While Brave New World proved to be an influential work for Burgess, it is likely that Huxley’s re-assessment of his own novel, Brave New World Revisited, prompted Burgess to write his dystopian novels of the early 1960s. Much of Brave New World Revisited, published in 1959, concerns that ideas that Burgess developed in A Clockwork Orange and The Wanting Seed, both published in 1962. Huxley admits in his first chapter that he believes Orwell’s dystopia to be a more plausible picture of the future than his own, but certainly Burgess was taken with Huxley’s non-fiction writings on overpopulation, brainwashing, and subconscious persuasion.
Brave New World Revisited offers discussion of dystopian topics and a critique of George Orwell’s Nineteen Eighty-Four. Huxley writes that Orwell’s book describes a society controlled almost exclusively by punishment, yet (he claims) punishment will only temporarily stop undesirable behaviour. Huxley claims that, in order to be successful, future totalitarian states will have to control their subjects through ‘systematic reinforcement of desirable behaviour, by many kinds of nearly non-violent manipulation.’ In other words, brainwashing.
Much of Ludovico’s Technique in A Clockwork Orange finds its basis in Huxley’s provocative non-fiction book, especially the chapter dealing with Palovian behaviour modification.
The Wanting Seed is also influenced by Huxley’s writing about ‘overpopulation’. The world situation in The Wanting Seed echoes Huxley’s premonition of an overpopulated planet in Brave New World Revisited: ‘The fantastically rapid doubling of our numbers will be taking place on a planet whose most desirable and productive areas are already densely populated, whose soils are being eroded by the frantic efforts of bad farmers to raise more food, and whose easily available mineral capital is being squandered with the reckless extravagance of a drunken sailor getting rid of his accumulated pay’.
In The Wanting Seed, Burgess suggests that the failure of the human population to procreate has been mirrored by nature. If man won’t breed, then nature won’t breed either. While Huxley stops at warning, Burgess takes the sparse and arid situation to a gruesome end-point, as the fascistic police (the ‘greyboys’) are overcome by reckless indulgence and mob rule.

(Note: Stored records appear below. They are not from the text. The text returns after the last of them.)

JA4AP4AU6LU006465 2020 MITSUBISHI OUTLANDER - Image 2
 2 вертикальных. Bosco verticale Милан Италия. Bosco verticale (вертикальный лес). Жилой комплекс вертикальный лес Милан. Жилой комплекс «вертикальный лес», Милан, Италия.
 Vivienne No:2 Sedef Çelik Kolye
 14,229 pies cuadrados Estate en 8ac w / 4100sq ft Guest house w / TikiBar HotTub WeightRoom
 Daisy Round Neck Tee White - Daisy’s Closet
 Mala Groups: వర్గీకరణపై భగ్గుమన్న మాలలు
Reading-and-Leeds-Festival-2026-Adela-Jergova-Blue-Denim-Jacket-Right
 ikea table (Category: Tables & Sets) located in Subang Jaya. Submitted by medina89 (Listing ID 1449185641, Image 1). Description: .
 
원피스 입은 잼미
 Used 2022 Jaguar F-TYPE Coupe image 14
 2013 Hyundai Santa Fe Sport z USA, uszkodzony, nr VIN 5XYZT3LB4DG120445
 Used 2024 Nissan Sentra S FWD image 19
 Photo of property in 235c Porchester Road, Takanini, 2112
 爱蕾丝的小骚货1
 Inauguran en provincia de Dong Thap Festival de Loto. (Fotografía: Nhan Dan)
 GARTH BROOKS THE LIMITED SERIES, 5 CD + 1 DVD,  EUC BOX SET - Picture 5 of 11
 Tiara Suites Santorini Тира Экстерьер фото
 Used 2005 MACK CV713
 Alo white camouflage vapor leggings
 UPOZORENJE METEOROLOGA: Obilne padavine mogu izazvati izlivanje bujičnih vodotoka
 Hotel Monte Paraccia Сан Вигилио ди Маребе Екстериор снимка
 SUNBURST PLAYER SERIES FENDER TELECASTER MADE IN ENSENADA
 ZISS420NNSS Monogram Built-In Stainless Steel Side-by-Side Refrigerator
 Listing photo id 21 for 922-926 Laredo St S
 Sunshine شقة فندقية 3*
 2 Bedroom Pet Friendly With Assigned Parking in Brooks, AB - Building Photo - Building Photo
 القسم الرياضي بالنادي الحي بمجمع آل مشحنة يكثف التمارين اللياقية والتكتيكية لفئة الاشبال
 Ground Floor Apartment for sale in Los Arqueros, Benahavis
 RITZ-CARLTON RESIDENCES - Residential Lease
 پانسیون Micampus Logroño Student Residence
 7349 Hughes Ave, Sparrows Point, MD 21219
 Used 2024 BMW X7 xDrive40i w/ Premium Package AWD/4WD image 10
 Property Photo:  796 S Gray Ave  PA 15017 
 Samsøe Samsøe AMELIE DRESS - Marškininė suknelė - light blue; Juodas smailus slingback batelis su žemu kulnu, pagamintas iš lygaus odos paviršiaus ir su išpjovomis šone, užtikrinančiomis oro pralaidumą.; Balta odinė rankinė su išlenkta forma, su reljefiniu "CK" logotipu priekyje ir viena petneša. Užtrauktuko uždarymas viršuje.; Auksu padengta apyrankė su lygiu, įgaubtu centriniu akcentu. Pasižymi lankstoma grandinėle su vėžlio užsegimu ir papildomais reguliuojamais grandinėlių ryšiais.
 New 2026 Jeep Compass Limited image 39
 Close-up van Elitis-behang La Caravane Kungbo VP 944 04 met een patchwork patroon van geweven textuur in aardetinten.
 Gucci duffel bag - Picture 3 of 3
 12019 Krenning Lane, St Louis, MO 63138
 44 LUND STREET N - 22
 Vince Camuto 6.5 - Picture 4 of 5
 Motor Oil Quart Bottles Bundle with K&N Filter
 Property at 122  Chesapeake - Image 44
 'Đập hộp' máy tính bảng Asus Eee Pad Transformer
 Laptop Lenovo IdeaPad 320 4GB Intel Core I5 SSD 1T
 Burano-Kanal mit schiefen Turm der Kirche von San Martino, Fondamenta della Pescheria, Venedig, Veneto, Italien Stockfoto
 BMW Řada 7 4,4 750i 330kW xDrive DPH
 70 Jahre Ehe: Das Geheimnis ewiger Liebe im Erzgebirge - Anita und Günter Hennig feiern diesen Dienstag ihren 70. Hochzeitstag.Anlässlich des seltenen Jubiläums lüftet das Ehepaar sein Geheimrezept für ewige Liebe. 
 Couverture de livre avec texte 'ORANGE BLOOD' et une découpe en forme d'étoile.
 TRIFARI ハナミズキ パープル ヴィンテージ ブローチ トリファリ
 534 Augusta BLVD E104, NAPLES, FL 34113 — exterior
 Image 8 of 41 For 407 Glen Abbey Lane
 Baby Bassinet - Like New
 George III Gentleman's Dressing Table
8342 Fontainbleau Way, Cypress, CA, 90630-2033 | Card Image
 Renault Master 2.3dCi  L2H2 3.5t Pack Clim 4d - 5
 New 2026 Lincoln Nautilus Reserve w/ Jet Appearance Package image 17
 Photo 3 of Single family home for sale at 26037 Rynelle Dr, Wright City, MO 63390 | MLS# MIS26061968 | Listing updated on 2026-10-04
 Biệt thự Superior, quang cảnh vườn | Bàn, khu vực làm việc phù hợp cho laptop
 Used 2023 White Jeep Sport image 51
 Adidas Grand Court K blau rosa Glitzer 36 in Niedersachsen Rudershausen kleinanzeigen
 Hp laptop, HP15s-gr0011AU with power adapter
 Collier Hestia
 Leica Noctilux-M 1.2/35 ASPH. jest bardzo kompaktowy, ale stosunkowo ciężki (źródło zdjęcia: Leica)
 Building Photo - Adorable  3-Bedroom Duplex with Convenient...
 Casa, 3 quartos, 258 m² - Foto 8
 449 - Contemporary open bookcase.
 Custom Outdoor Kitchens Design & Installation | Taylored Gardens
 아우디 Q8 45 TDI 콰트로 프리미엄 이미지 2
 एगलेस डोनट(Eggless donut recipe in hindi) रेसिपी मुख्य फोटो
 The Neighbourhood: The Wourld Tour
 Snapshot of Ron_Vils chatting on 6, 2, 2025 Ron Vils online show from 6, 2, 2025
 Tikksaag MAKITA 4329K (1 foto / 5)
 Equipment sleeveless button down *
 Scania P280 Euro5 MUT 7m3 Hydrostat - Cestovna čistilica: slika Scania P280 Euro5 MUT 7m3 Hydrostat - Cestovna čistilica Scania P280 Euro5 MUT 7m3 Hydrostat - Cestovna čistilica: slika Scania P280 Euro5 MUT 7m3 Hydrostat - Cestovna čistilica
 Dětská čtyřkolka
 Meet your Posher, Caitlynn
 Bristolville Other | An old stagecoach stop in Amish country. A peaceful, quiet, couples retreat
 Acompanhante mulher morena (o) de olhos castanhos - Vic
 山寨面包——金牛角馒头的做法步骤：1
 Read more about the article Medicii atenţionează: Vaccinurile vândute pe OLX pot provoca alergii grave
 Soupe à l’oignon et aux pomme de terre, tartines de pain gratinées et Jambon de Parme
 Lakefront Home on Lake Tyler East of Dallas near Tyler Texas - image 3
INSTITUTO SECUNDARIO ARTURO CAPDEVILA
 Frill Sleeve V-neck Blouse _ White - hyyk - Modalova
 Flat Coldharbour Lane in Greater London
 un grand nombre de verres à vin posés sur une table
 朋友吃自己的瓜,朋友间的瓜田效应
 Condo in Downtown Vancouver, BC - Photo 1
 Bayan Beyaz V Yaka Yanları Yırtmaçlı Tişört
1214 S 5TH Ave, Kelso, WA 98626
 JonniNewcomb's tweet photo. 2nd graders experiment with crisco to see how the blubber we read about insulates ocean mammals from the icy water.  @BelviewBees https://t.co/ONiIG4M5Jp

Huxley writes, in Brave New World Revisited, that ‘death control is achieved very easily, birth control is achieved with great difficulty.’ Burgess’s narrative deals with the same concepts, beginning with the efforts of the futuristic state to control birth rates. When this fails, Burgess’s dystopia ends with a satirical depiction of the army, in which conscripted soldiers are sent off to a phoney war, with the aim of thinning the numbers. Or, to use Huxley’s terminology, birth control gives way to death control.